> [ACTIVITY] Find the line with "Adet Ana Silindir" in the records below. Output exactly from there until after the line with "Listing Photo 39", without pictures.
== PROVIDED MATERIAL
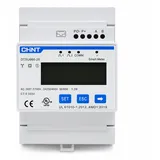 Sungrow DTSU666 Smart Meter 3-phasig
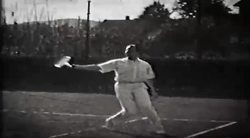 Holocaust - A Pre-war German Jewish Family Instructional Video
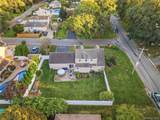 225 Harrison Avenue - Photo 50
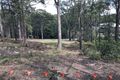 Property photo of 5A Grand Valley Way New Lambton Heights NSW 2305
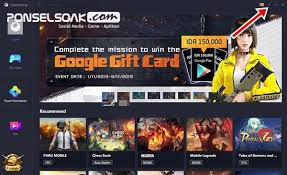 Check spelling or type a new query. Cara Mengatasi Keymapping Error Pubg Mobile Di Emulator Tencent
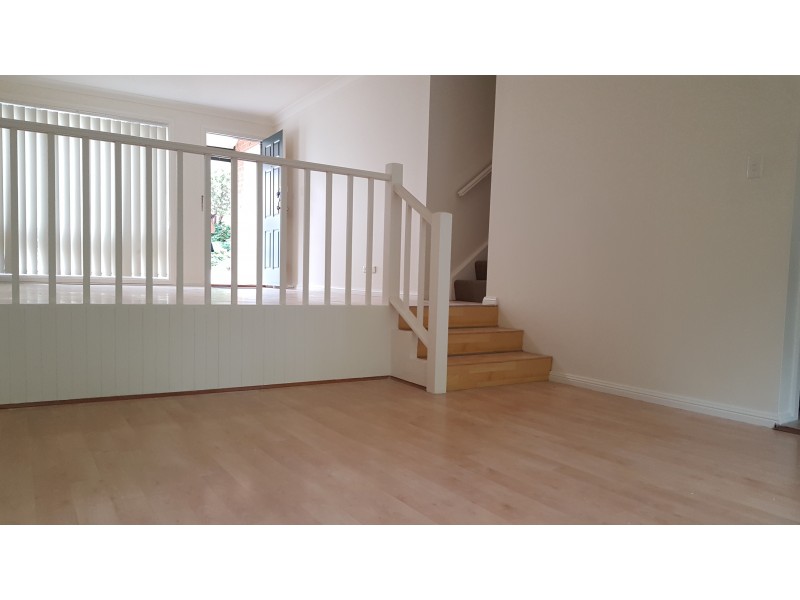 7/67 BAKER STREET, Carlingford NSW 2118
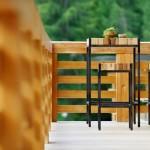 Lagació Mountain Residence by Nösslinger Hotel Projekt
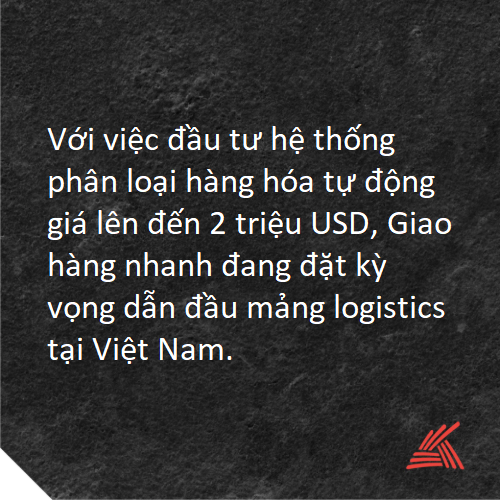 Chọn 3.png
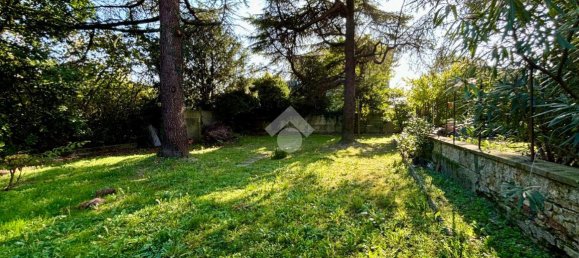 8 rooms Villa in Fonte, Italy No. 5632 2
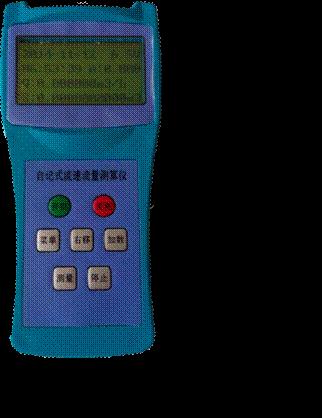 ��ӛʽ��������?j��)x,��(ch��)��ʽ��������Ӌ(j��)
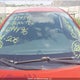 KMHD84LF4HU094496 2017 Hyundai Elantra auction photo thumbnail 18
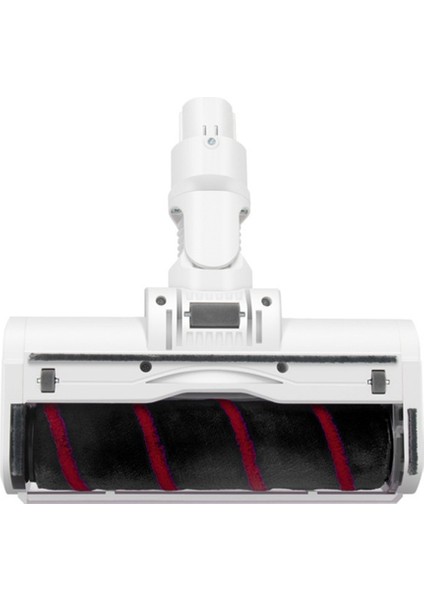 Adet Ana Silindir Fırça Dreame V8/V9B/V9P/V10/V11 Xiaomi Mijia K10 1c Elektrikli Süpürge Yedek Parçaları (Yurt Dışından) fırsatları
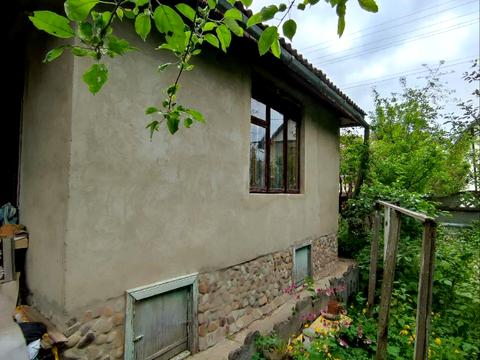 будинок за адресою Сікорського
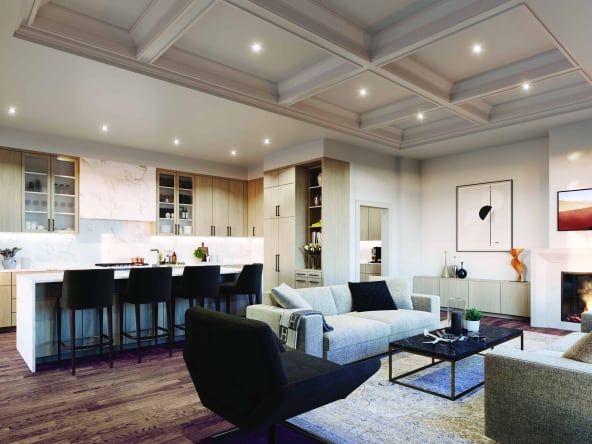Great Room 2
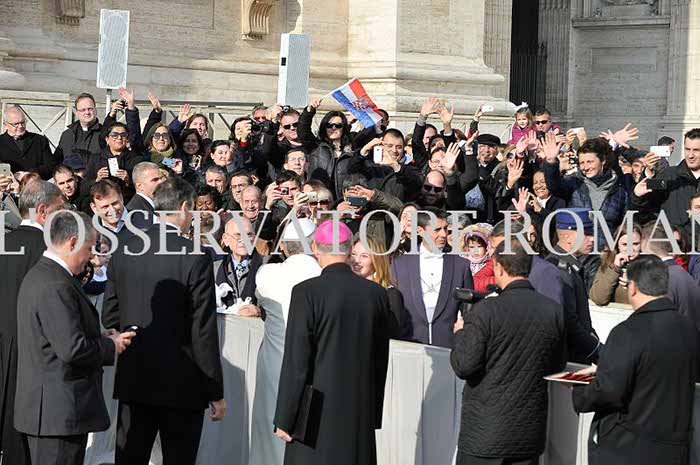 %_tempFileName379619_09122015%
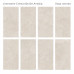 Керамогранит Antislip 60x120 LIMESTONE CREMA 60x120 ANTISLIP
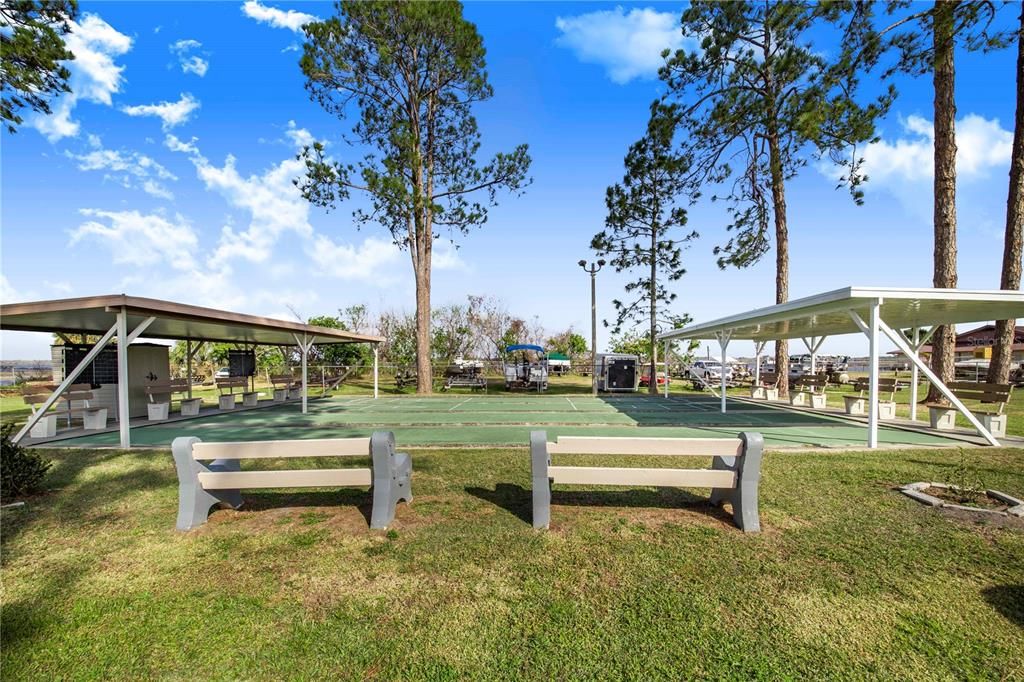 En Venta: $80,000 (2 camas, 2 baños, 765 Pies cuadrados)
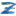 Zone Rock logo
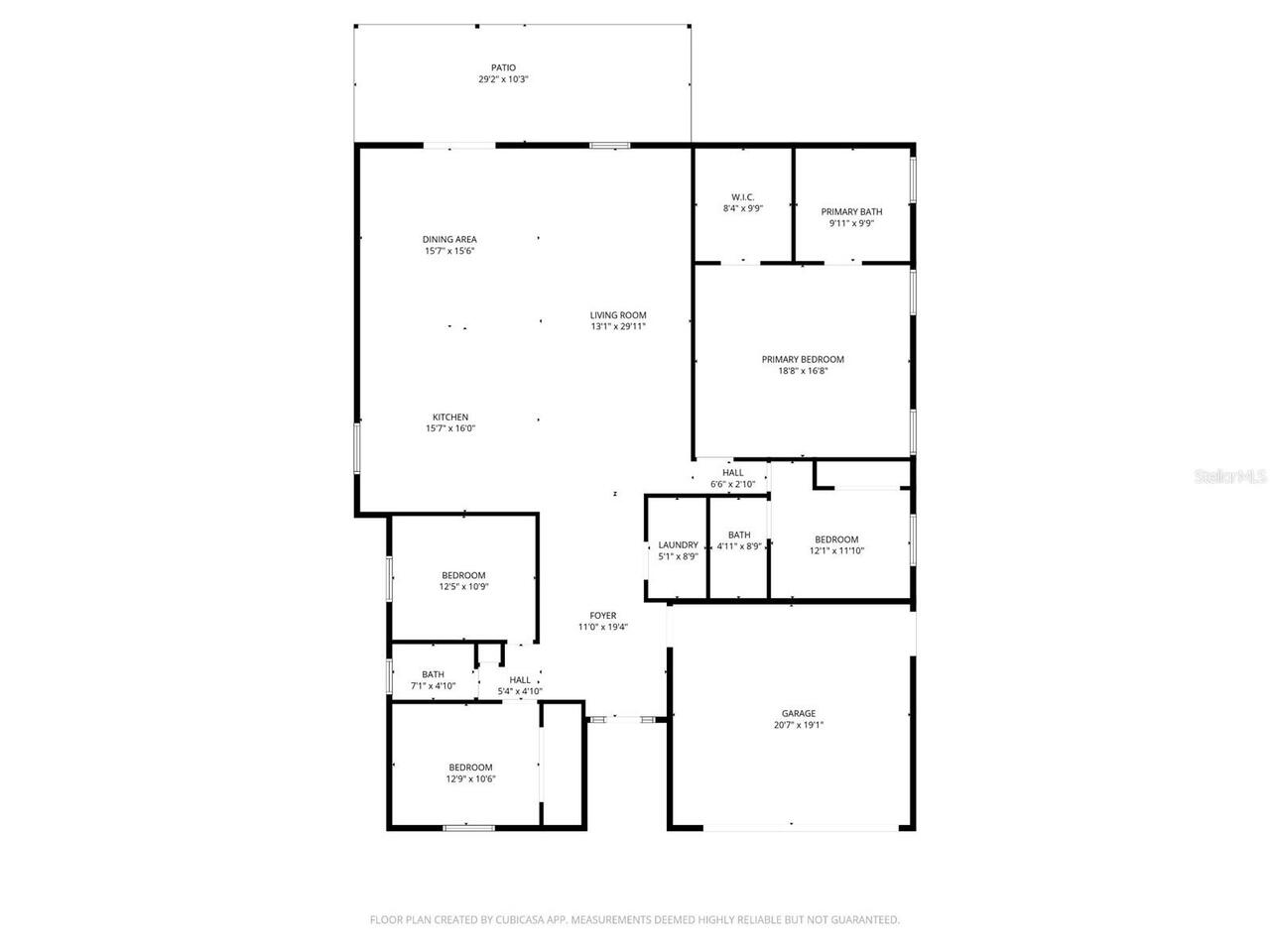 Listing Photo 39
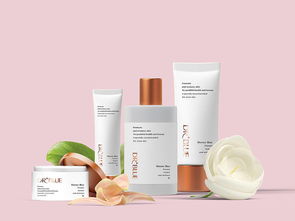 日用品包裝與針紡織品的融合發(fā)展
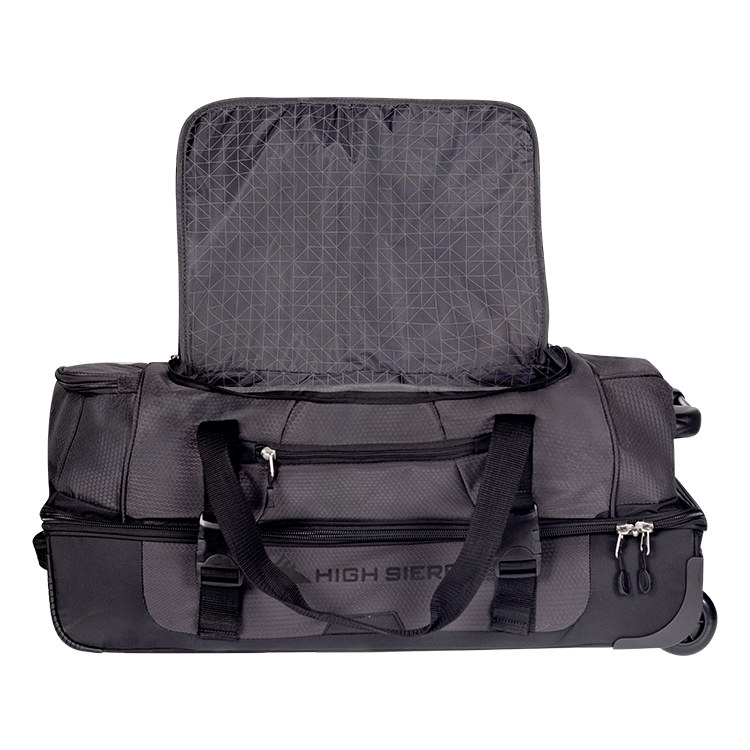 Sample Product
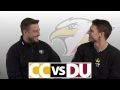 University of Colorado Health, Colorado Eagles Player Profile -  Paul Phillips
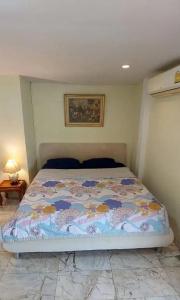 Tientong Guesthouse - 32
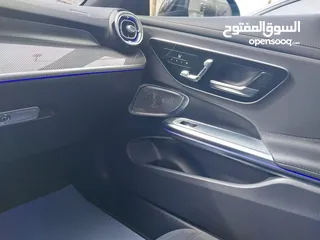  9 CLE200 AMG NIGHT EDITION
====
> [RESPONSE TO THE EXERCISE]
 Adet Ana Silindir Fırça Dreame V8/V9B/V9P/V10/V11 Xiaomi Mijia K10 1c Elektrikli Süpürge Yedek Parçaları (Yurt Dışından) fırsatları
 будинок за адресою Сікорського
Great Room 2
 %_tempFileName379619_09122015%
 Керамогранит Antislip 60x120 LIMESTONE CREMA 60x120 ANTISLIP
 En Venta: $80,000 (2 camas, 2 baños, 765 Pies cuadrados)
 Zone Rock logo
 Listing Photo 39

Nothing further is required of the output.